7 de septiembre de 2021
El último soldado estadounidense abandonó Afganistán el 30 de agosto y los medios de comunicación lo cubrieron como si fuera una película del Hollywood en la que el héroe se retira triunfante del campo de batalla. La realidad es que no hay festejos en la Casa Blanca, más bien la búsqueda de una explicación que permita evadir la sensación de derrota y fracaso.

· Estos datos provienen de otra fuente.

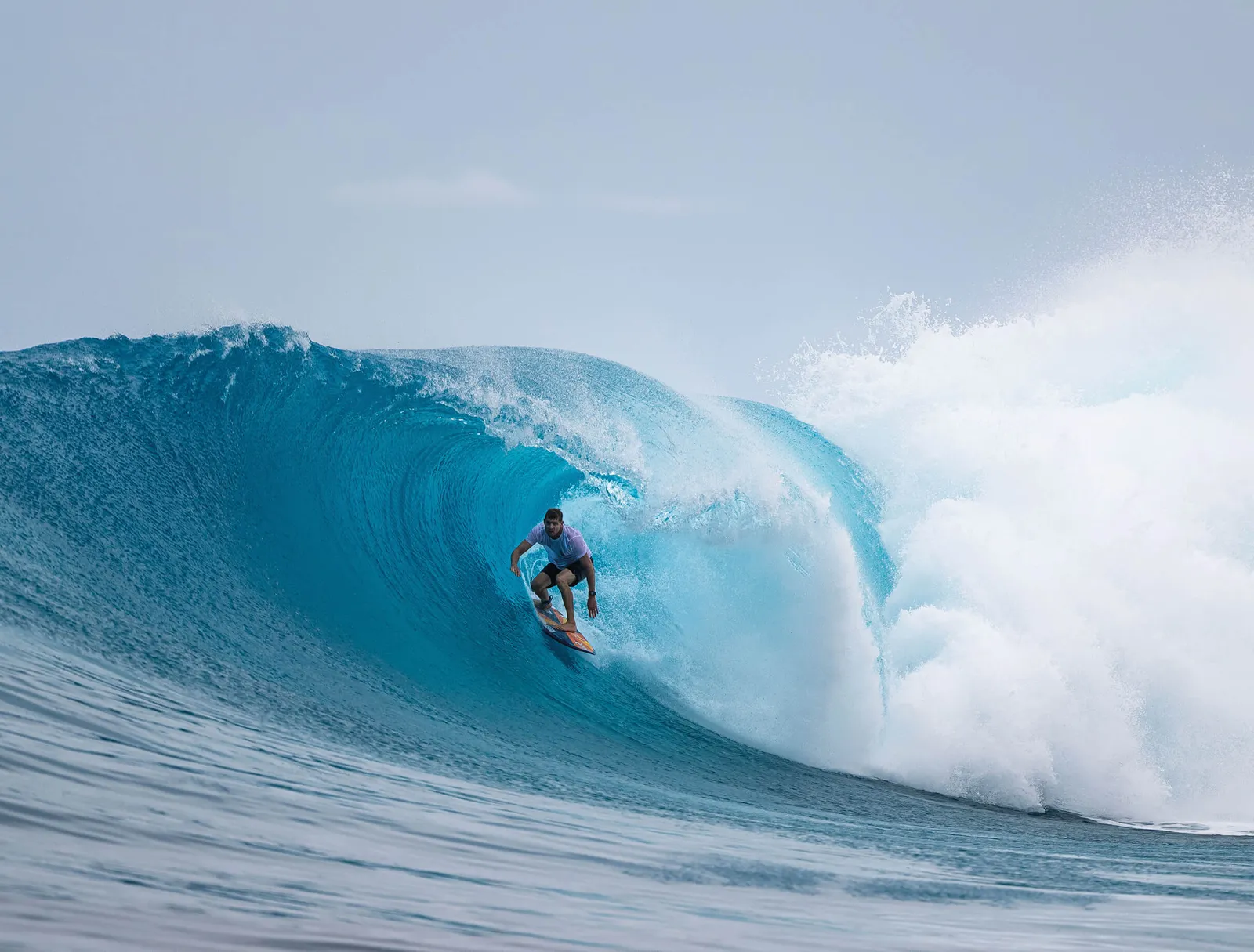 A surfer inside the barrel of a wave breaking over the reef.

Casi 20 años después de la invasión en septiembre de 2001, Washington abandona un territorio que nunca pudo controlar. Como suele suceder con la política exterior de los Estados Unidos los debates se centran en tratar de comprender qué falló a pesar de todos los esfuerzos y recursos invertidos. El 31 de agosto el presidente Joe Biden hizo un repaso de lo que definió como la «guerra más larga» de la historia de su país. Desde ya que no se puede pretender que reconozca que se invadió Afganistán sin mandato de Naciones Unidas ni que mencione a las personas que murieron por todas las bombas que arrojaron, pero aseguró que se acaba «la era de las grandes operaciones militares para rehacer otros países». Al viejo estilo colonial, en Washington impera la doctrina de «nation building», cuya traducción sería «construimos naciones». En el caso de Afganistán, Biden dijo que fracasaron en el intento de «crear un Afganistán democrático y unificado, lo que nunca se había hecho en siglos», aunque cabe recordar que nadie se los pidió. Se podría decir que fracasaron en tener un gobierno a largo plazo afín a sus intereses en una región clave del mundo. Tampoco convirtieron el país en un vergel a pesar de que estaban gastando unos 100 millones de dólares por día como reconoció Biden en su discurso. Es más, hace apenas un año, el entonces presidente afgano Ashraf Ghani decía que cerca del 90% de la población vivía en la pobreza. En pocas palabras, un fracaso total.